Les chars de Poutine n’avancent pas, les soldats russes se rendent, voire s'entretuent, le Kremlin ne pourra bientôt plus se permettre de faire la guerre, les pannes de l’armée russe sont de plus en plus fréquentes... À lire de nombreux articles, on pourrait presque avoir l’impression que l’Ukraine pourrait gagner cette guerre. À moins que ce tableau ne soit trompeur.
La Russie est probablement bien plus forte que ce que l’on croit. C’est du moins la conviction du colonel autrichien et stratège militaire de haut niveau Markus Reisner. «Nous avons besoin d’une image objective de la situation. Cela ne nous aide pas de nous dire que les assaillants russes sont en mauvaise posture, explique-t-il dans le journal allemand «Die Welt». Cela masque la réalité de la situation.»
Markus Reisner s’attend à une nouvelle escalade de la violence dans le Donbass au cours des deux à trois prochaines semaines. Selon lui, ces combats seront particulièrement violents «parce que les Russes essaient à présent de provoquer une décision».
«L’Ukraine a un besoin urgent de nouvelles armes»
«L’Ukraine a besoin de toute urgence de nouvelles armes. Les livraisons d’armes de l’Occident sont désormais une course contre la montre», estime le stratège. Les livraisons d’armes lourdes auraient commencé trop tard. Par ailleurs, la Russie s’emparerait ou détruirait une «partie non négligeable» des convois de livraison.
Le Kremlin aurait même publié des manuels expliquant comment se servir des armes capturées et les utiliser contre l’Ukraine. «Et c’est déjà arrivé», poursuit l’expert militaire: «Selon les informations américaines, les armes que l’Occident apporte en Ukraine en l’espace d’une semaine sont utilisées en l’espace d’une journée, donc immédiatement utilisées par les Ukrainiens ou alors capturées ou détruites par les Russes.»

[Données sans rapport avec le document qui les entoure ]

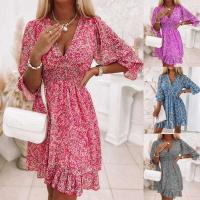 Vestido con estampado ral para mujer, cuello en V, manga A e, jersey para mujer, vestidos cortos de fiesta bohemios de verano - details 2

«Maintenant, les Russes sont préparés»
Selon Markus Reisner, la Russie veut désormais former deux tenailles dans le Donbass, à hauteur d’Izioum et de Donetsk, pour encercler les troupes ukrainiennes. «Le problème, c’est que les positions des Ukrainiens dans cette zone ne sont pas aussi fortes que sur l’ancienne ligne de contact, c’est-à-dire à l’est de Kramatorsk», craint l’Autrichien.
Par le passé, l’Ukraine avait certes réussi à tendre des embuscades aux soldats russes avec des unités spéciales. Mais cette tactique ne fonctionne plus aujourd’hui: «Cela avait fonctionné ailleurs pendant les six premières semaines, mais les Russes sont désormais préparés, et les forces spéciales russes (ndlr: Spetsnaz) pourchassent les forces spéciales ukrainiennes. Elles les neutralisent malheureusement assez souvent.»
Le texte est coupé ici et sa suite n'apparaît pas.